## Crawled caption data
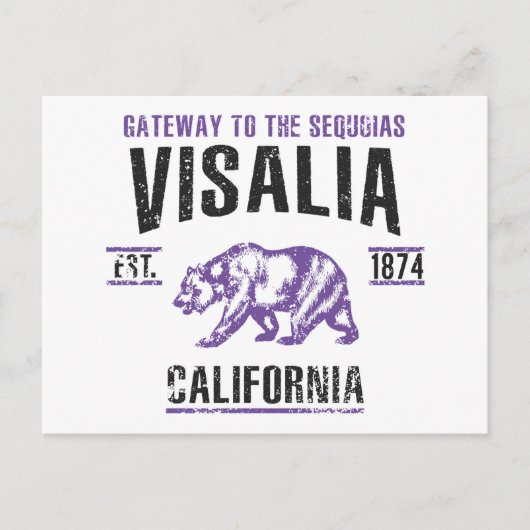 Carte Postale Visalia (Devant)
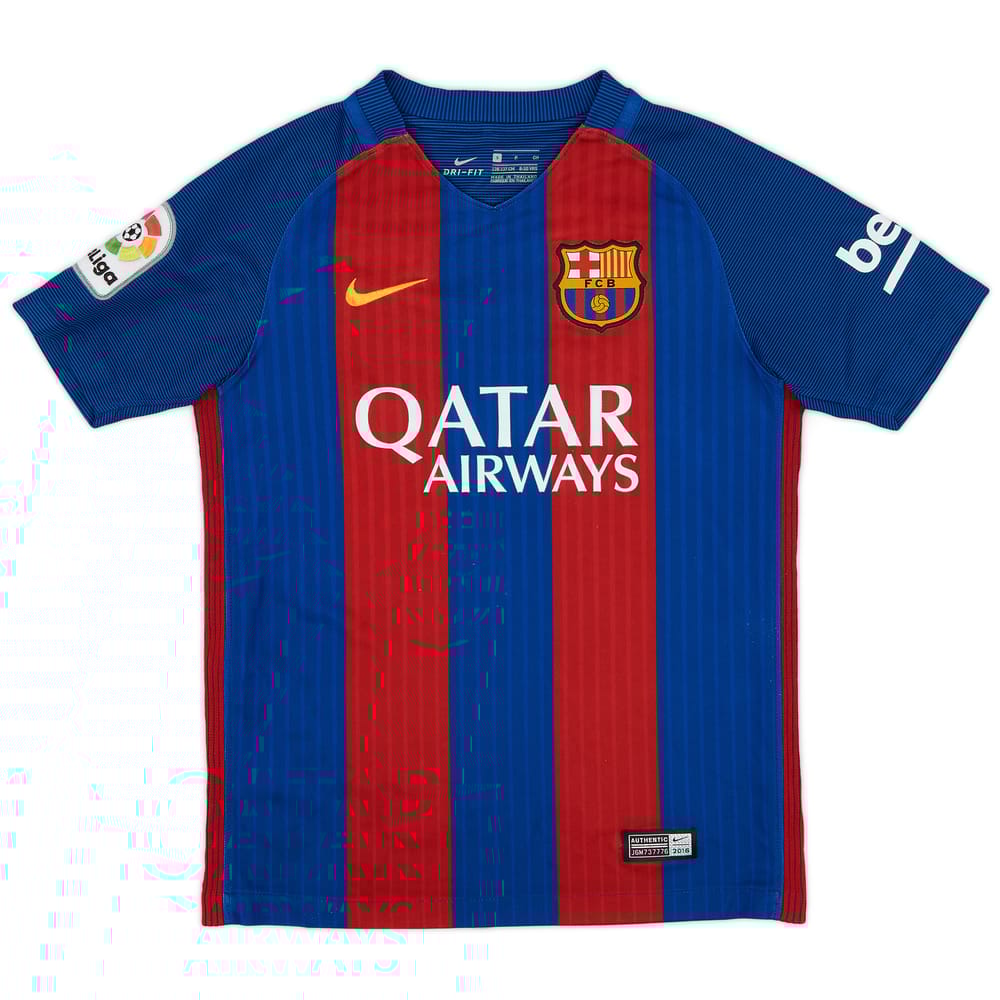 2016-17 Barcelona Home Shirt - 7/10 - (S.Boys)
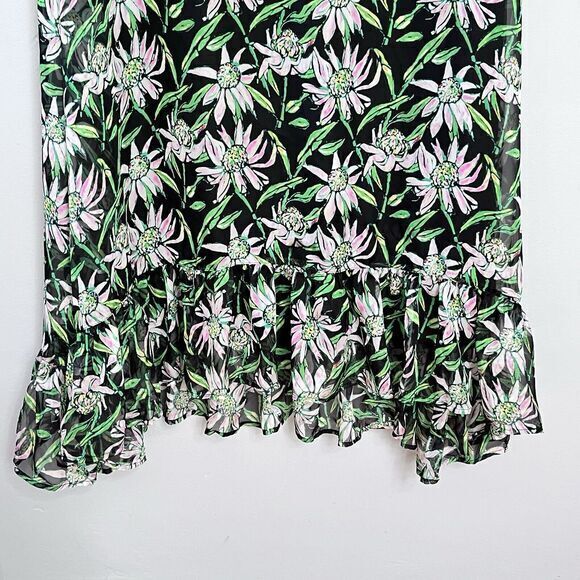 Dodo Bar Or Angelina Floral Print Jeweled Maxi Dress Long Sleeve‎ Formal 44/8 US - Picture 9 of 16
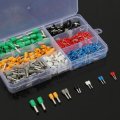600Pcs Insulated Cord End Terminal Boots Lace Cooper Ferrules Kit Set Wire Copper Crimp Connector
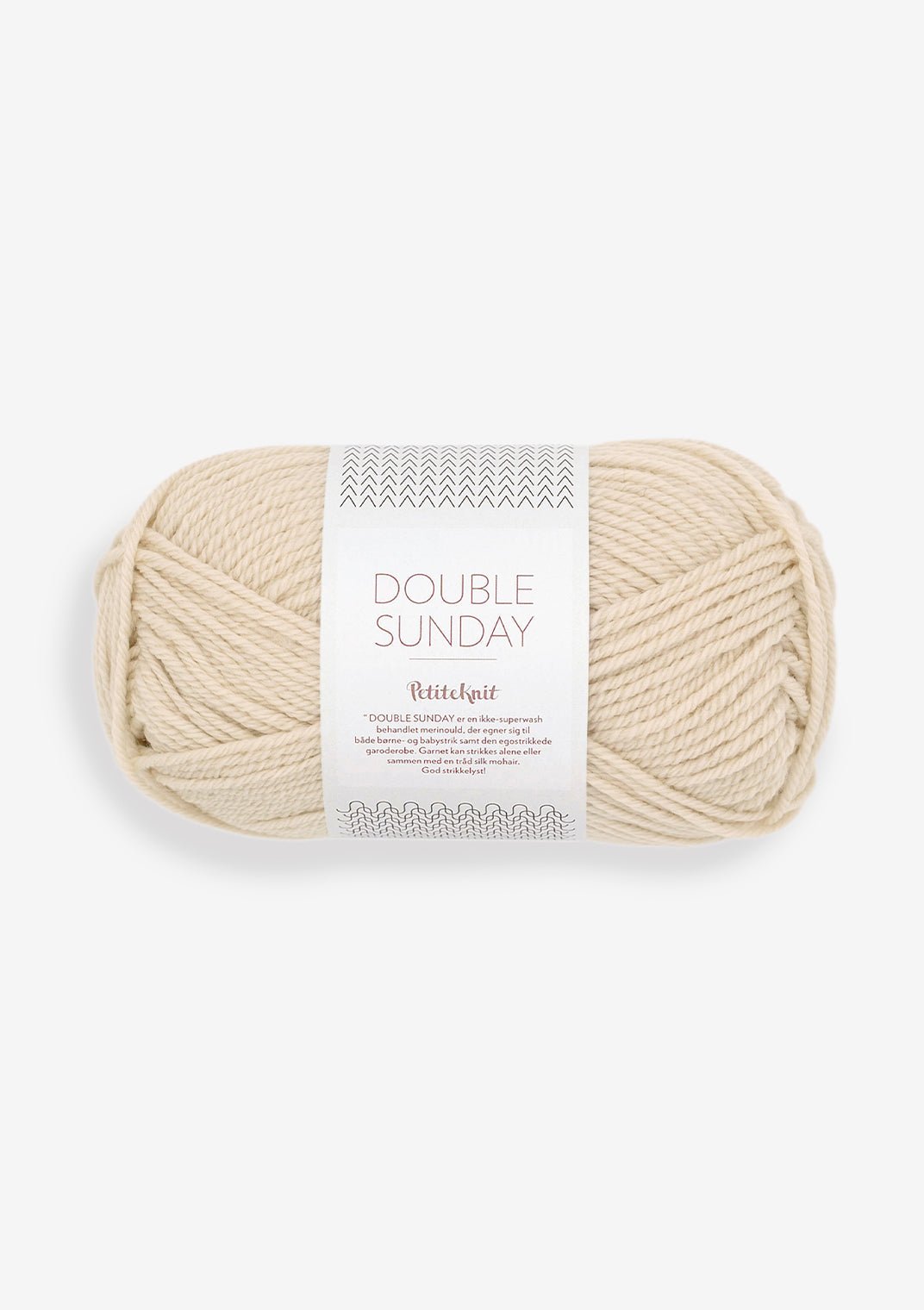 Double Sunday PetiteKnit - 2511 Almond - Butik Maglia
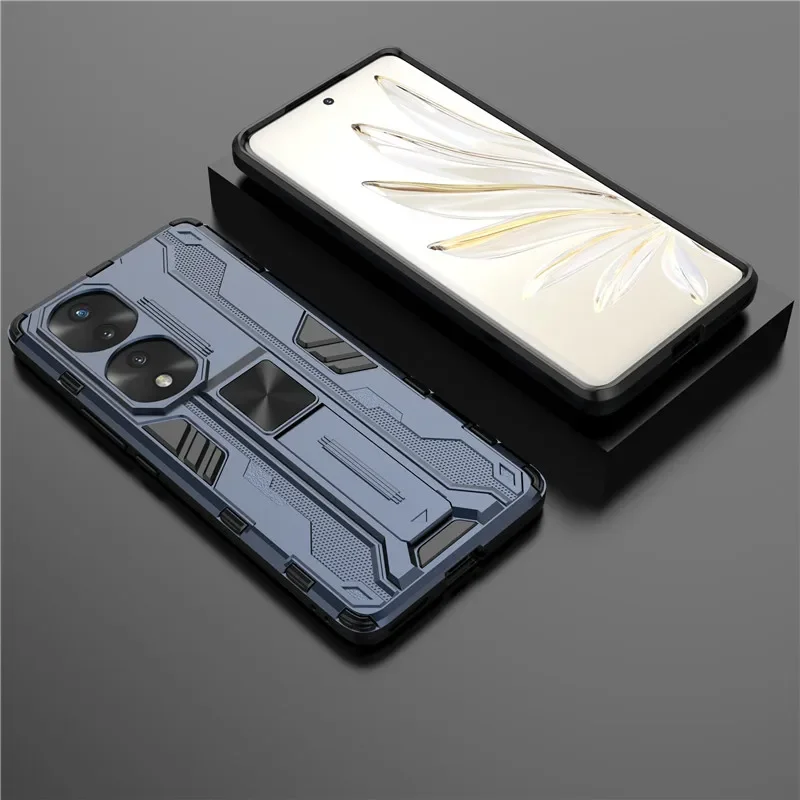 thumbnail image 1 of Shockproof Armor Magnetic Case For For Honor 90 Pro 80 70 Lite 5G 70 Pro Plus X6S X6 X7 X8 X9A Holder Bumper Hard Phone Cover, 1 of 5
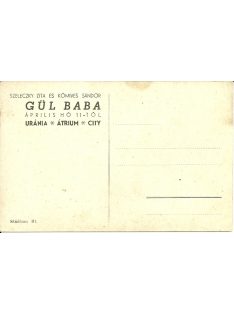 Szeleczky Zita és Kőmíves Sándor a Gül Babában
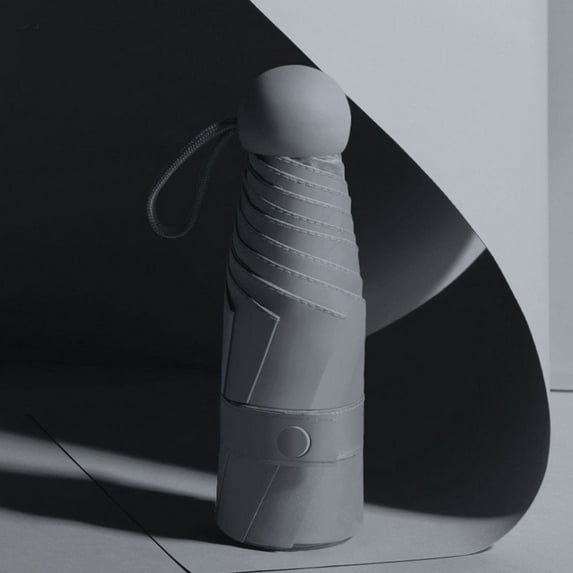 Kabnic Mini Travel Umbrella - Compact Folding Umbrella for Women & Girls | Auto Open/Close & Anti-UV, Fits Tote Bags & Backpacks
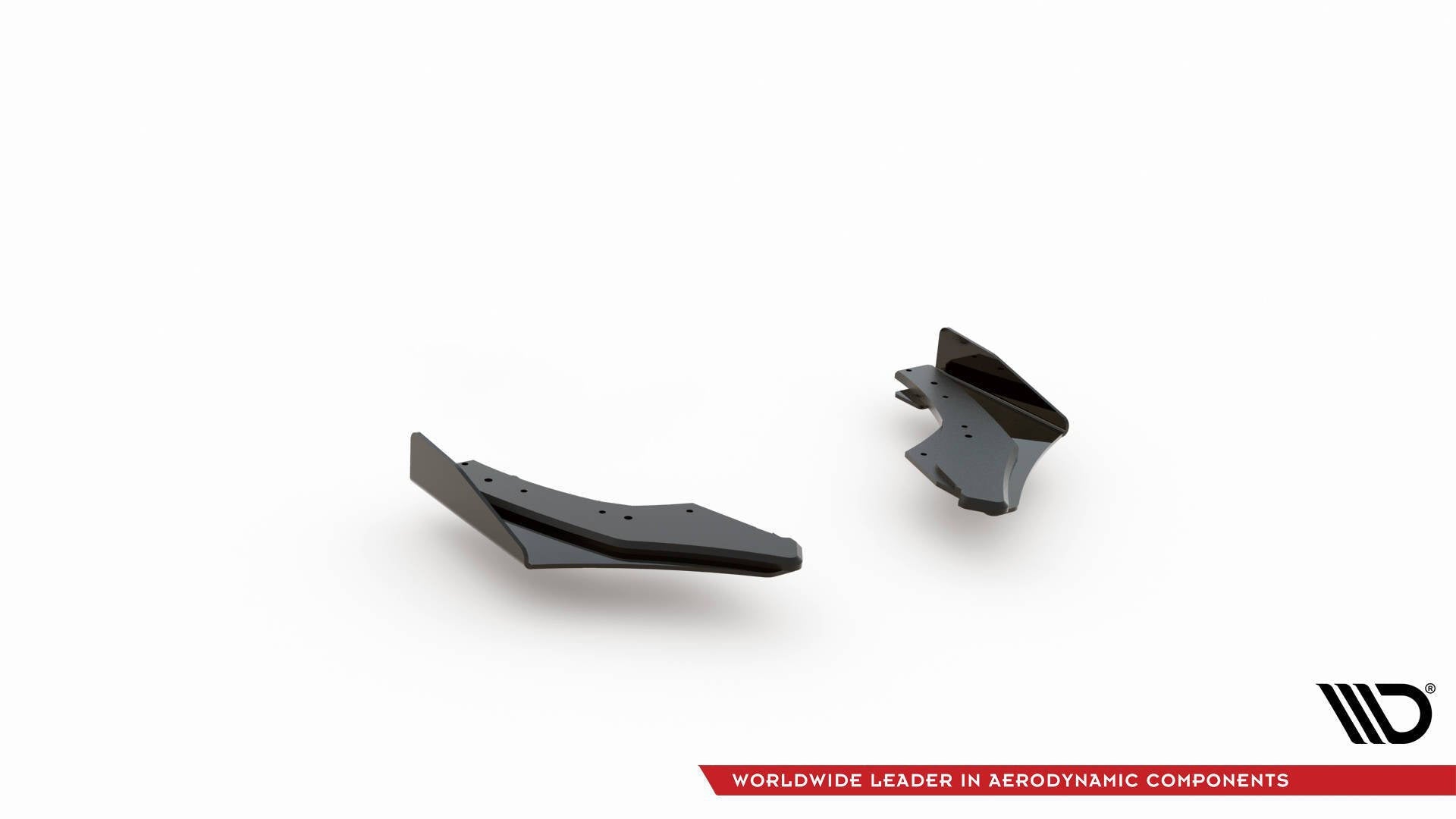 Maxton Design Street Pro Rear Side Splitters + Flaps para Volkswagen Golf GTI Clubsport Mk8 Facelift - imagen 4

## Task description
Before answering, please find the line containing "600Pcs Insulated Cord" above, then copy exactly from it through the last line of the entries, both included, without pictures.

## Your response
600Pcs Insulated Cord End Terminal Boots Lace Cooper Ferrules Kit Set Wire Copper Crimp Connector
 Double Sunday PetiteKnit - 2511 Almond - Butik Maglia
 thumbnail image 1 of Shockproof Armor Magnetic Case For For Honor 90 Pro 80 70 Lite 5G 70 Pro Plus X6S X6 X7 X8 X9A Holder Bumper Hard Phone Cover, 1 of 5
 Szeleczky Zita és Kőmíves Sándor a Gül Babában
 Kabnic Mini Travel Umbrella - Compact Folding Umbrella for Women & Girls | Auto Open/Close & Anti-UV, Fits Tote Bags & Backpacks
 Maxton Design Street Pro Rear Side Splitters + Flaps para Volkswagen Golf GTI Clubsport Mk8 Facelift - imagen 4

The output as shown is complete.